In a presentation to the preservation board, Cowie and Willis Street resident Nini McManamy said the park has been an important part of the neighborhood since the 18th century, first as a fortification, then for recreation. Local historians Herb Adams and Ken Thompson presented a history of the fort to the board.

An earth and timber citadel was built on the site of the park in 1794 as part of the first federal coastal defense system. It was a recruiting station for the War of 1812, but was decommissioned and eventually torn down. Portland acquired the property in 1890 and it was listed as a city park in 1934, according to research done by the group. The park’s vista has been its most important characteristic throughout its history, first for soldiers to keep watch for an approaching enemy, and later as a treasured public resource and a place for quiet reflection, Cowie said.

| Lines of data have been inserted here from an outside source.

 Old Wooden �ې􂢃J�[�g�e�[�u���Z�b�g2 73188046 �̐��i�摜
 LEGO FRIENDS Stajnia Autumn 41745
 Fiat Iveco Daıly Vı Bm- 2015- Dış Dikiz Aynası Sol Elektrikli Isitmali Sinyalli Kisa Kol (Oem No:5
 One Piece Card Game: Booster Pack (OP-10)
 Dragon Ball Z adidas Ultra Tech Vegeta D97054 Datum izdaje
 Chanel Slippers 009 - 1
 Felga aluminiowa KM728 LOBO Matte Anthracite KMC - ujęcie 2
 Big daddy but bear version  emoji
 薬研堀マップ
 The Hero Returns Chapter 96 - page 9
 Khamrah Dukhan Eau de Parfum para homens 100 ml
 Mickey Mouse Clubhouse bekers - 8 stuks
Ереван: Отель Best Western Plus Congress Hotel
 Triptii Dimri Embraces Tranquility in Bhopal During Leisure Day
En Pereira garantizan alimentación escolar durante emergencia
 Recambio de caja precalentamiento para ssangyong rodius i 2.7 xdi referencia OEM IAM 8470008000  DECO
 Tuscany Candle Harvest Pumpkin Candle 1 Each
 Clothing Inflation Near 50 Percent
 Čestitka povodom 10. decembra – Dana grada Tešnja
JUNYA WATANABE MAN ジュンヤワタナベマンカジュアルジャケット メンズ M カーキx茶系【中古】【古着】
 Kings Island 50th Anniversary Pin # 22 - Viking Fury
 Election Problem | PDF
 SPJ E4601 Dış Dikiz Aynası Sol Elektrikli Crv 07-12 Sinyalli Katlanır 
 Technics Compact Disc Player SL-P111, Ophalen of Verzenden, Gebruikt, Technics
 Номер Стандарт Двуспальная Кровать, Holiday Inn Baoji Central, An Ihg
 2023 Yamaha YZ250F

But getting a designation for the park might not be straightforward. Most of Portland’s individual landmarks are buildings and a number of neighborhoods, like the Old Port, are local historic districts. Public parks like the Eastern and Western proms and Deering Oaks are on the National Register of Historic Places.

But Fort Sumner Park is a “different animal,” said Deb Andrews, manager of Portland’s historic preservation program. It was likely passed over when other parks were put on the national register in the late 1980s because it didn’t have the same type of designed landscape, or was simply overlooked.

“It was probably omitted for a variety of reasons,” she said.

To move the process forward, at least two board members have to formally nominate the park for landmark designation. Then, it will need to make sure the park meets the city’s requirements for landmark status before making a recommendation to the City Council.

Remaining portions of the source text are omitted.